No caso estudado, pela peculiaridade comercial que se apresenta, além de
desenvolver imagens que apóiem o trabalho do professor e auxiliem o
aprendizado do aluno, poderia ter havido um investimento na criação de objetos
de aprendizagem para uso em sala de aula, que não são passíveis de cópia por
Conclusões 55
concorrentes. Esses materiais criariam experiências significativas, apesar de não
resolverem o problema do aluno que não copiou.
Nas respostas do primeiro bloco de perguntas, percebe-se a importância
dada ao material impresso, tanto pelos professores quanto por pais e alunos. Ao
propor o desenvolvimento de objetos de aprendizagem, não desvalorizamos o
material impresso. Pelo contrário, ao destacar esse achado, chamamos a atenção
para que haja um cuidado cada vez maior com esse material, um estudo e análise
mais aprofundados das ilustrações, uma conversa mais próxima entre professores-
autores e a designer/ilustradora. Através desse processo, esperamos que as
ilustrações criadas sejam cada vez mais adequadas aos conteúdos e aos diferentes
estilos de aprendizagem dos alunos, contemplando também aqueles que aprendem
melhor através de recursos visuais, como sugere Felder (2005).

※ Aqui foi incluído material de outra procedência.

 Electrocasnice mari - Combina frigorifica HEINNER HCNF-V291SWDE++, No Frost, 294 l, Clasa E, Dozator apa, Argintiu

Neste trabalho, o foco eram as representações dos professores, mas
acreditamos que, no futuro, seria interessante realizar um levantamento da opinião
dos alunos a respeito das imagens do material impresso, como complemento à
pesquisa realizada entre os professores, inclusive como embasamento para a
construção de projetos como a oficina estudada por Silva et al. (2006).
A falta de intimidade detectada nas falas dos professores em relação à
linguagem icônica, que pode ter provocado a utilização menos freqüente dessa
linguagem em situações de ensino-aprendizagem, reflete, também, a escassez de
diálogo entre Design e Educação, gerando a confusão de termos relacionados ao
design em algumas respostas e a falta de diálogo consistente a respeito da
adequação das ilustrações e do projeto gráfico durante o processo de produção das
apostilas. A inexperiência da designer/ilustradora nesse tipo de processo, em
conjunto com a falta de tempo, sempre escasso de ambos os lados, também
contribuíram para essa escassez de diálogo com os autores do material.
A partir das entrevistas e leituras e realizadas e das reflexões alcançadas
neste trabalho, acreditamos ser possível dar novos passos no desenvolvimento do
diálogo entre Design e Educação, construindo novas pesquisas, trabalhando a
leitura e apropriação de imagens em programas de capacitação de professores e
construindo novos materiais para esse curso e outros públicos de forma mais
consciente e dialógica com autores, professores e o público final.